Basal-like breast cancer (BLBC) has a poor prognosis and is often identified by the triple-negative phenotype (TNP) and/or basal cytokeratins (CKs). Overexpression of mRNA for forkhead box C1 (FOXC1) transcription factor was recently identified as a pivotal prognostic biomarker of BLBC. We investigated the prognostic value of FOXC1 protein expression in invasive breast cancer and compared its prognostic significance to that of TNP and basal CKs.

Methods

Archived TNP specimens of primary invasive ductal breast cancer from 759 patients were examined by immunohistochemical staining for FOXC1, CK5/6, and CK14; prognostic significance was assessed using multivariate analyses.

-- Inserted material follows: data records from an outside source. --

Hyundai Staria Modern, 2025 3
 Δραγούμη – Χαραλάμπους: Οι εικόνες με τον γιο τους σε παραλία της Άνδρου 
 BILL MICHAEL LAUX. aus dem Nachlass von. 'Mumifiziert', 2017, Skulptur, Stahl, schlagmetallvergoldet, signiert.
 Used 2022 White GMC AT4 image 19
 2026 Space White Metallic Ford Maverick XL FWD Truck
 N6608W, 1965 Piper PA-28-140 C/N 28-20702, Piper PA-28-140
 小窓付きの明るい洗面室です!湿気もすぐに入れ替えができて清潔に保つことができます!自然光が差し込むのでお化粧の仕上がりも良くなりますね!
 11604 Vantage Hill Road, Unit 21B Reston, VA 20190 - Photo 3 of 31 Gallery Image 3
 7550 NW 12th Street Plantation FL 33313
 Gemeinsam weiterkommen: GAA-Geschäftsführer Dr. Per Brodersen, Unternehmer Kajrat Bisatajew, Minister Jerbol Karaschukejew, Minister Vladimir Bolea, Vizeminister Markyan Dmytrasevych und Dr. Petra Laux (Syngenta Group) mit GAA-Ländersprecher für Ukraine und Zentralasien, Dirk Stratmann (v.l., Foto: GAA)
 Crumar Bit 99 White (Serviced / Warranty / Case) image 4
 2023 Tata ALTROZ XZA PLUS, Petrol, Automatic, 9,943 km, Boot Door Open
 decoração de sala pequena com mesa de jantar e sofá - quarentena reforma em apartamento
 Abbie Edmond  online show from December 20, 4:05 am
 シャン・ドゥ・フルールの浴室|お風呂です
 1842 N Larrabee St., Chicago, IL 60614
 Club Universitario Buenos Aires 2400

In addition, the impact of adding FOXC1 versus basal CKs to TNP-based BLBC assessment was assessed.

Results

FOXC1 protein expression was a significant predictor of overall survival on univariate (hazard ratio [HR] 3.364 95% confidence interval [CI] 1.758–6.438, P = 0.0002) and multivariate (HR 3.389 95% CI 1.928–7.645, P = 0.0001) analyses, despite its correlation with younger age (P = 0.0003). Interestingly, nodal status was not significant on multivariate analysis when FOXC1 expression status was included in the analysis. BLBC defined by TNP plus FOXC1 demonstrated superior prognostic relevance compared to BLBC defined by TNP or TNP plus basal CKs.

Conclusions

Immunohistochemical detection of FOXC1 expression in TNP invasive breast cancer is an independent prognostic indicator that is superior to conventional immunohistochemical surrogates of BLBC. Prospective validation is warranted to further define the diagnostic, prognostic, and predictive utility of FOXC1 in breast cancer management and clinical trial design.

Partha S. Ray and Sanjay P. Bagaria contributed equally to this work.
Presented in part at the Annual Meeting of the Society of Surgical Oncology, March 3–7, 2010, St. Louis, MO.